The Taliban government issued a ban on Tuesday that prohibits women in Afghanistan from attending universities until further notice, according to the Ministry of Higher Education, leaving many women disheartened.

 

Women were protesting in the capital of Kabul the following day as they witnessed Taliban security forces standing at the gated entrances of universities ushering women away and barging into classrooms demanding that women return home. Taliban officials ended the protests quickly.

 

“They destroyed the only bridge that could connect me with my future,” one Kabul University student said in an article. “How can I react?
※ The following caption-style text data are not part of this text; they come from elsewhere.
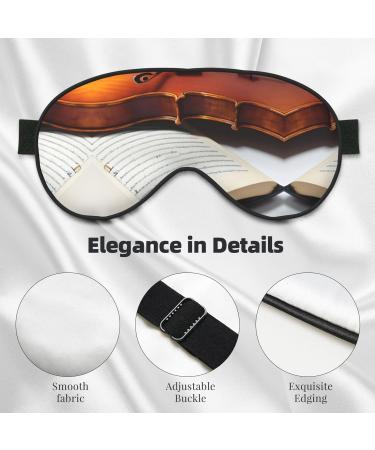 SSIMOO Violin Book Print Double-Sided Eye Mask - Soft Light Blocking Sleep Enhancer - Perfect for Better Sleep Quality - Buy Online on GoSupps.com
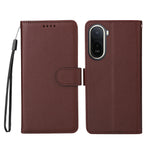 RFID Blocking Case for Xiaomi Poco C85x 5G / Redmi A7 Pro 4G (171.56mm) / Redmi A7 Pro 5G 3 Card Slots PU Leather Phone Cover with Wrist Strap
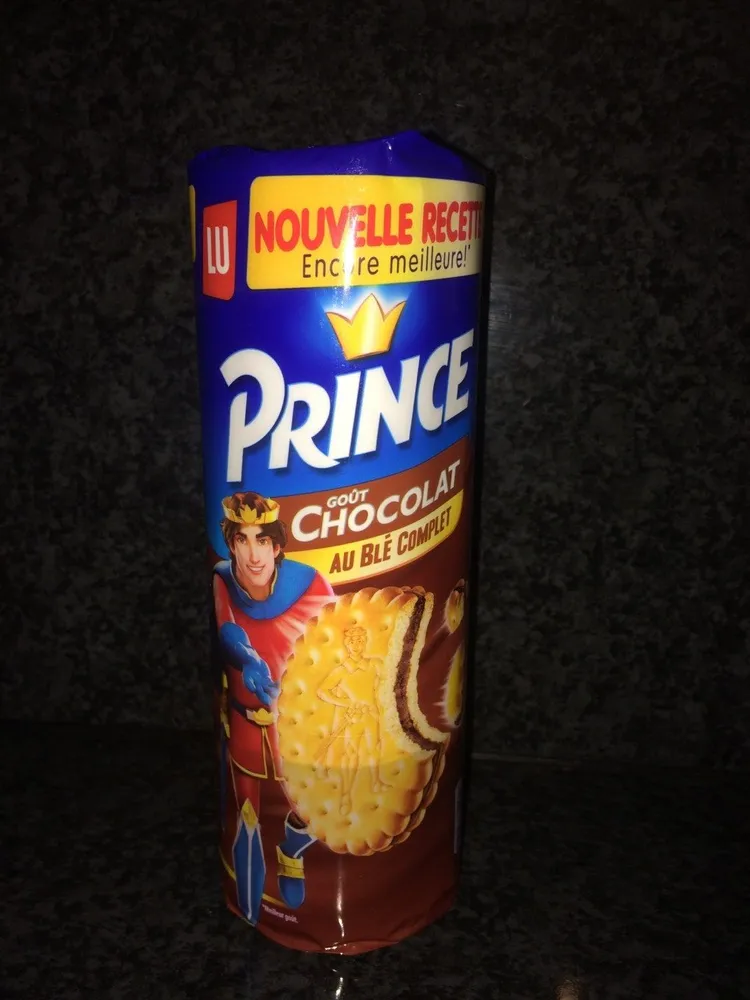 Biscuits goût chocolat/lait choco au blé complet Prince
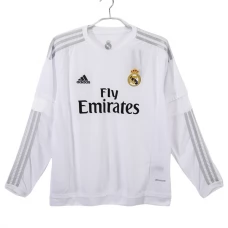 Real Madrid Retro Heimtrikot 2015-16 Langarm Real Madrid Retro Heimtrikot 2015-16 Langarm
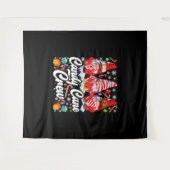 Candy Cane Crew Weihnachts Candy Lover Gnome Wandteppich (Vorderseite (Horizontal))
I believed that I could study and change my future or bring the light to my life, but they destroyed it.”

 

The decision was expected with the laws imposed by the Taliban Government that began after they returned to power in Kabul on August 15, 2021. Taliban’s Supreme Leader, Mullah Haibutullah Akhundzada, has influenced the rules in Afghanistan with his idealism on women's rights.

 

“I genuinely think that the man in charge, that this is what an Islamic society ought to look like,” said Obaidullah Baheer, a professor from Kabul at the American University of Afghanistan and founder of the Let Afghan Girls Learn campaign, in an article published by NPR. “he had this particular view of where women or young girls should be within the society, which is within their households. So I guess this is gender apartheid. This is nothing short of that."

 

Women in Afghanistan have experienced changes in their educational rights. They went from being required to attend universities with gender-segregated entrances and classrooms to being banned from secondary school. The banning of women from universities has only furthered the chances of women being able to pursue their career goals.

 

A third-year journalism and communication student at Nangarhar University expressed her distress to Associated Press News (AP) claiming that she can’t fulfill her dreams as everything is disappearing before her eyes, she can’t do anything but watch her dreams now be destroyed.

 

“Is being a girl a crime? If that’s the case, I wish I wasn’t a girl,” she added.

 

Akhundzada has also enacted laws where women must cover themselves entirely in public and stay home. Women are banned from inter-city travel without a male escort and can no longer enter parks, fun fairs, gyms, and public baths as of November 2022. Women have also been beaten by Taliban soldiers when protesting and flogged in public for various offenses.

 

According to a publicized timeline, the Taliban has “backtracked on their promise to guarantee the rights of girls to be educated and given other freedoms, returning to their previous policies when they were last in power.”

 

The news of the ban has been met with widespread dismay by world leaders and prominent Afghanistan figures who want the Taliban to reconsider their decision.

 

“The current problem of women’s education and work in the country is very serious, sad, and the most obvious and cruel example of gender apartheid in the 21st century,” Former Afghan President Ashraf Ghani said in an article. “I have said repeatedly that if one girl becomes literate, she changes five future generations, and if one girl remains illiterate, she destroys five future generations.”

 

According to the UN mission in Afghanistan, preventing women from being contributors to society will cause great devastation within the country as the rights of women and the benefits Afghan society will receive from women will be denied.

 

The events that have transpired are considered very troubling, according to UN spokesman Stephane Dujarric, who is unsure of how the country will move forward after making a decision that revokes the remaining rights that women had.

 

“It’s another broken promise from the Taliban,” Dujarric said in an article. “It’s another very troubling move and it’s difficult to imagine how a country can develop and deal with all of the challenges it has without the active participation of women and their education.”